Rabid Fun

John Cowart's Daily Journal: A befuddled ordinary Christian looks for spiritual realities in day to day living.


Friday, August 28, 2009

Cool August Reading

When Ginny and I go to the library, which we do almost weekly, I gravitate to the horror, action/adventure, or mystery shelves. I seek favorite authors and familiar types of literature; Stephen King, Dean Koontz, Sally Spencer, and Connie Willis hook me. Books with black spines with red lettering attract my attention.

To avoid a one-track mind, in addition to “my books”, each week I try to check out a book in a subject area far afield, some book to do with a subject I have little interest in.

Yes, an intellectual diet of blood, guts, gore, and mystery, fun as these elements are, stagnate the mind.

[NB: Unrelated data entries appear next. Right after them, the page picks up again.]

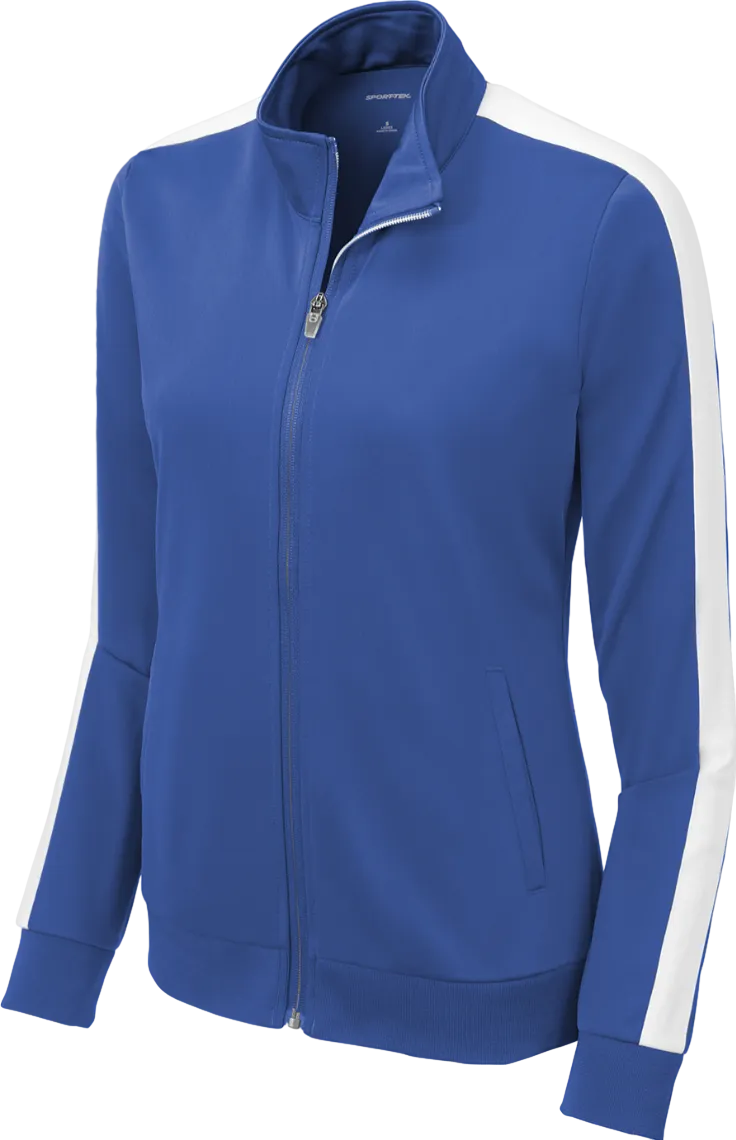 Ladies Tricot Sleeve Stripe Track Jacket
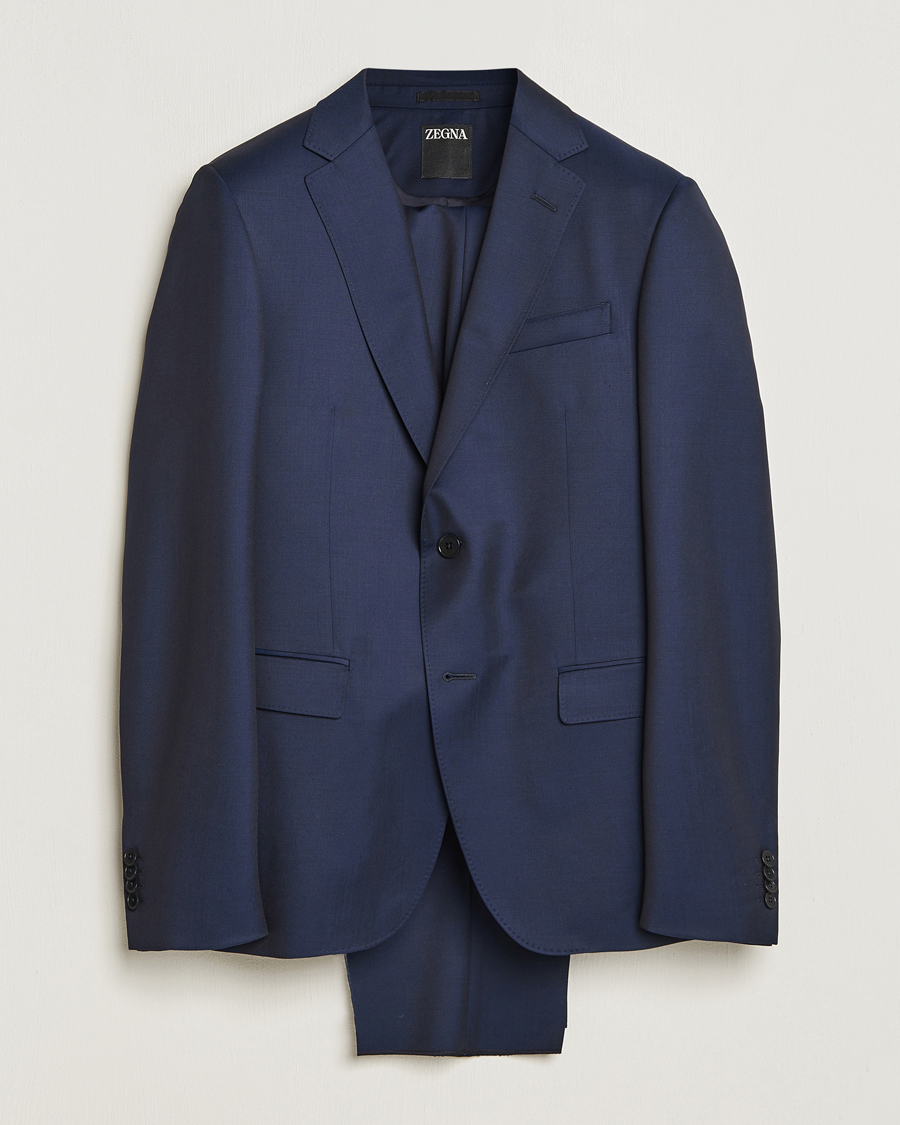 Uomini | Abiti | Zegna | Tailored Wool Suit Dark Blue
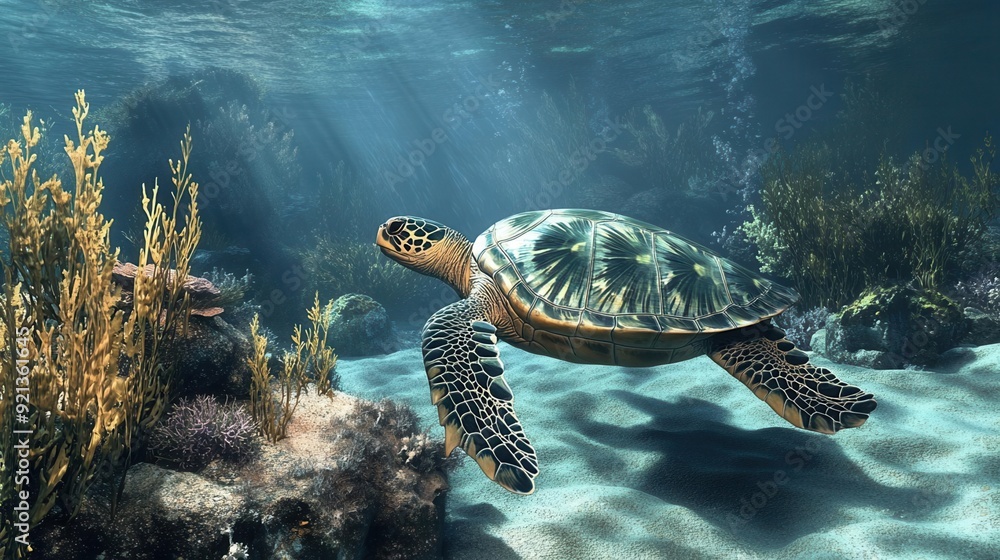 Fototapeta premium A turtle swimming gracefully in a coral reef, nibbling on sea plants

Since August temperatures here in Jacksonville, Florida, hover around 90, give or take a few degrees, I’ve been reading about Henry Hudson’s explorations in the Artic. I’m reading Peter C. Mancall’s Fatal Journey: The Final Expedition Of Henry Hudson (N.Y. Basic Books. ©2009. 303 pages. Illustrated. Maps. Indexed).


In the space of five years, Captain Hudson voyaged to the Artic five times in three different wooden sailing ships; Hopewell, Half Moon, and Discovery.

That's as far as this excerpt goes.